*What the task asks*. All entries below are to be written out again exactly, but no picture is to be copied.

*Supplied information*.
+---+

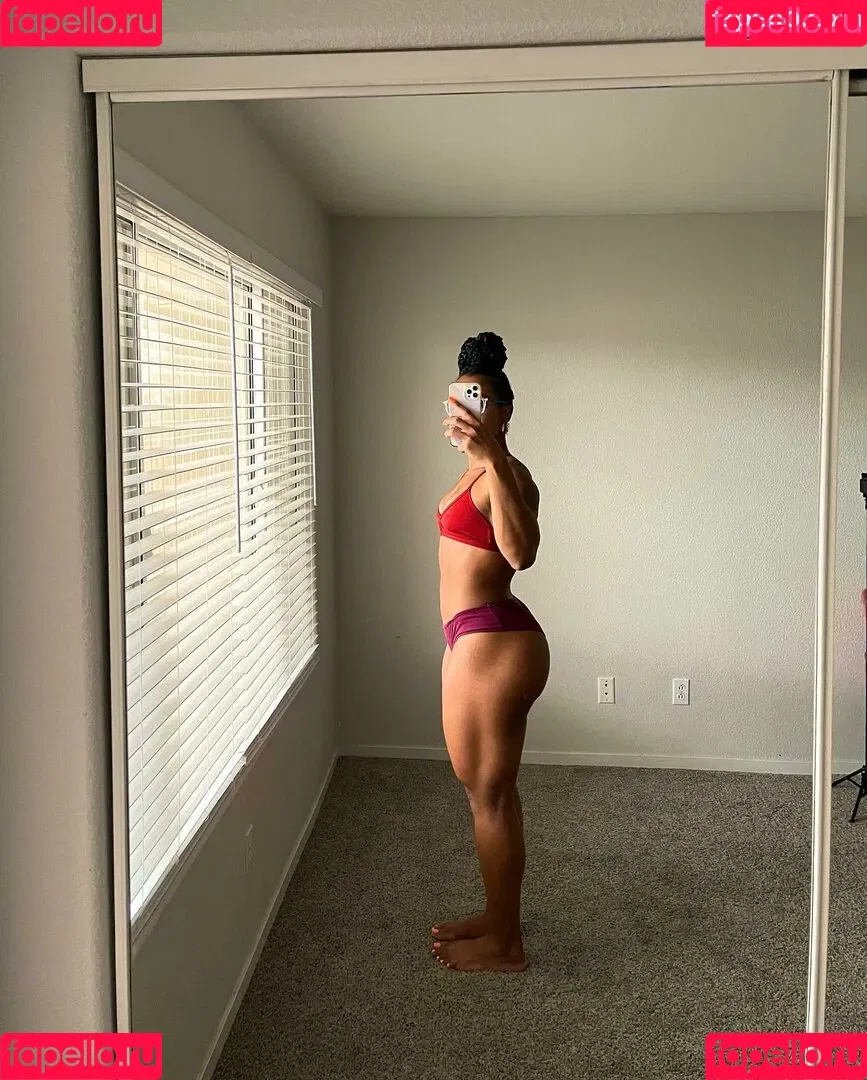 aaaaayevuh Onlyfans Photo Gallery 
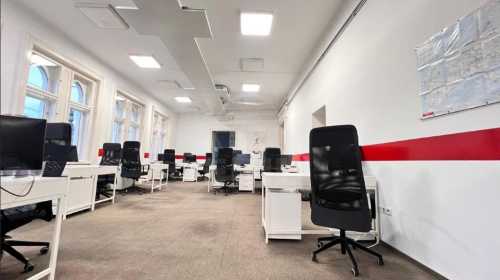 Bureau de louer 4 chambres, BICJ355146-1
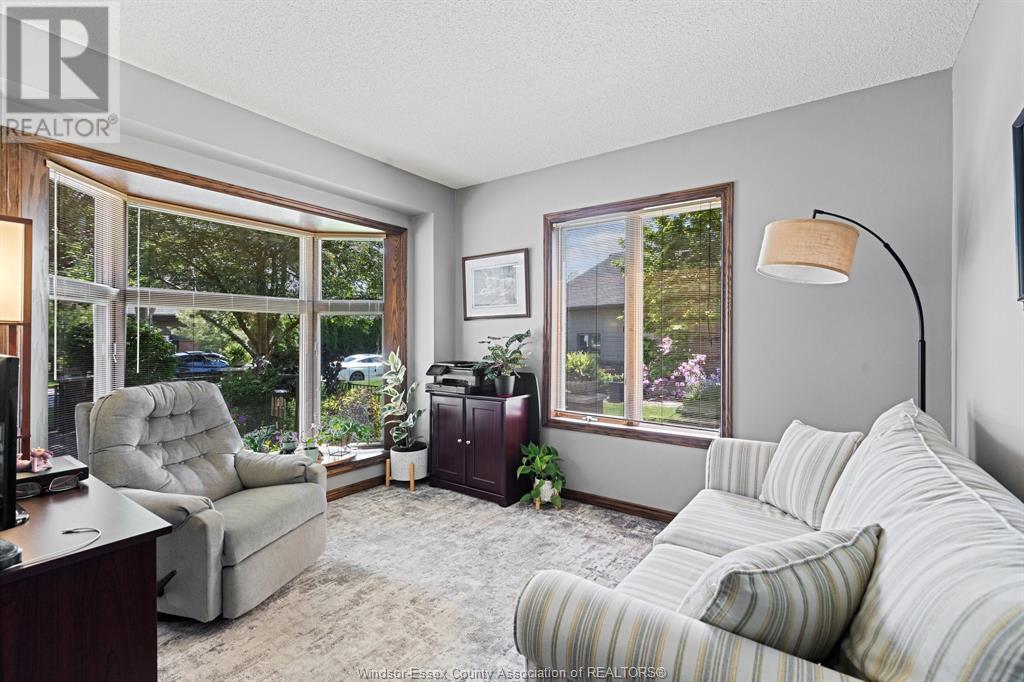 Photo 29 of 29 Fairway, Amherstburg ON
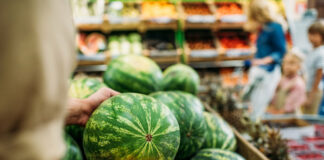 Сеть супермаркетов Novus нашла замену херсонским арбузам: какие ягоды появятся на прилавках - today.ua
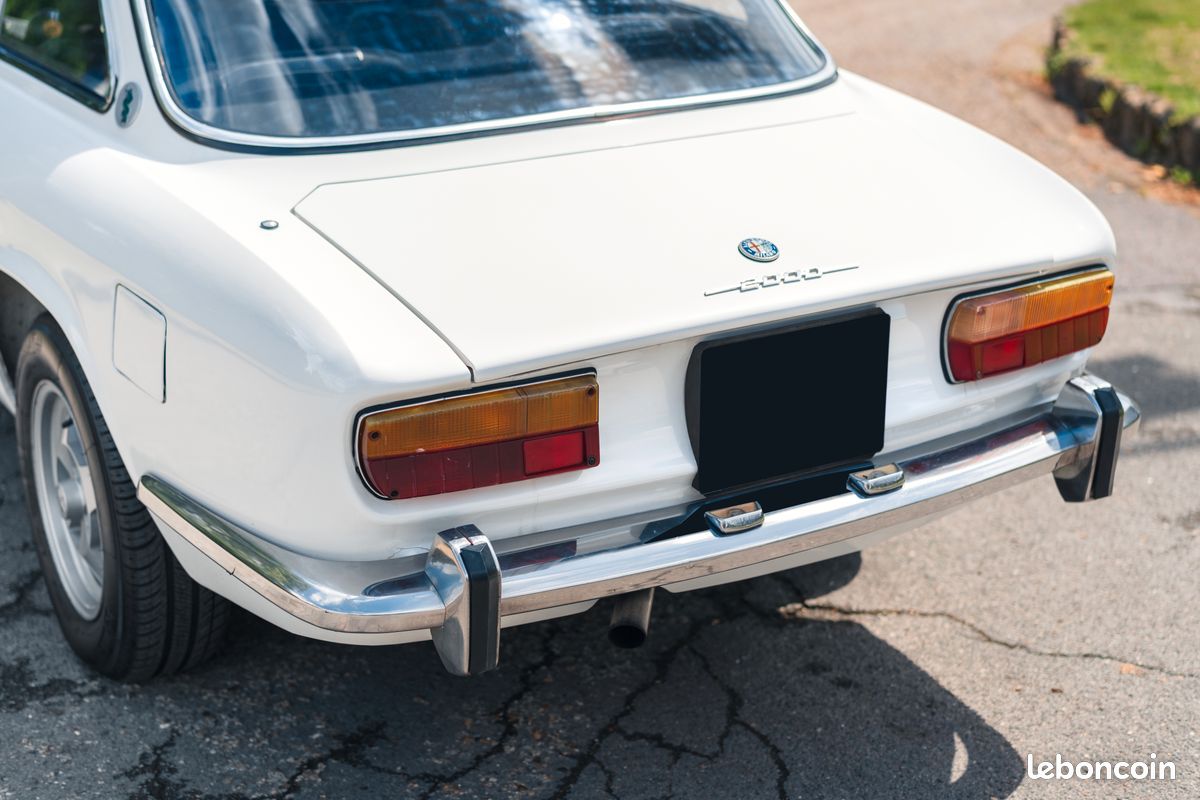 Alfa Romeo Giulia GT 2000 Veloce Bertone (GTV) (image 7)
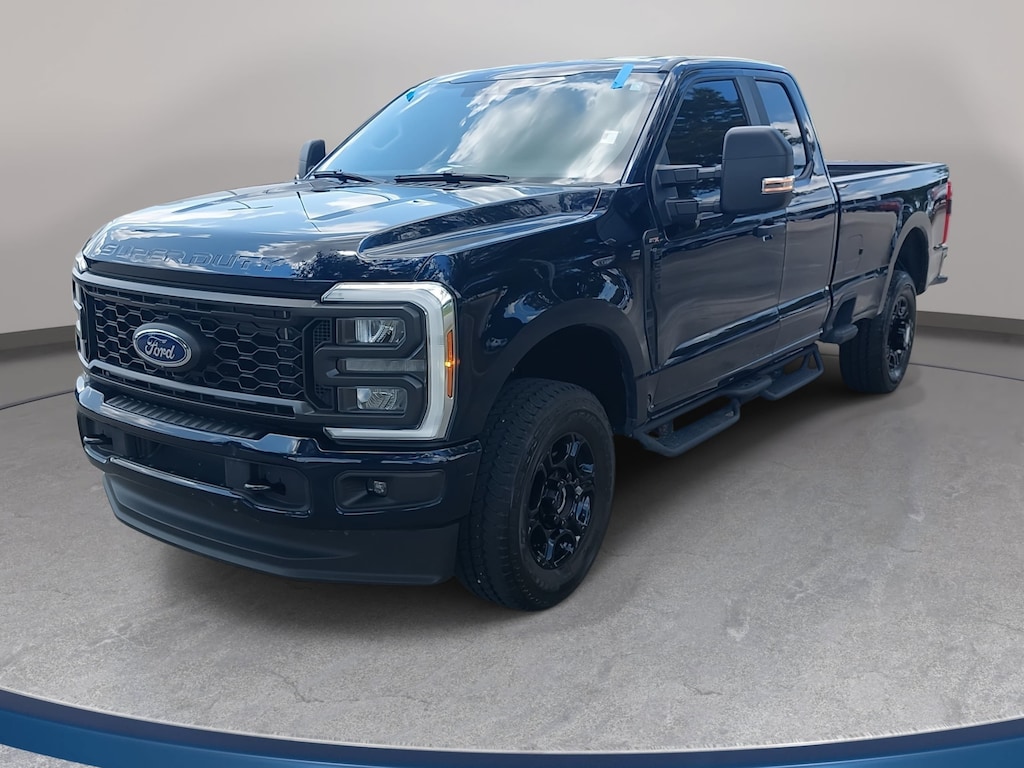 Used 2025 Ford F-350 XL Truck Super Cab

+---+

*Output of the exercise*.
 aaaaayevuh Onlyfans Photo Gallery 
 Bureau de louer 4 chambres, BICJ355146-1
 Photo 29 of 29 Fairway, Amherstburg ON
 Сеть супермаркетов Novus нашла замену херсонским арбузам: какие ягоды появятся на прилавках - today.ua
 Alfa Romeo Giulia GT 2000 Veloce Bertone (GTV) (image 7)
 Used 2025 Ford F-350 XL Truck Super Cab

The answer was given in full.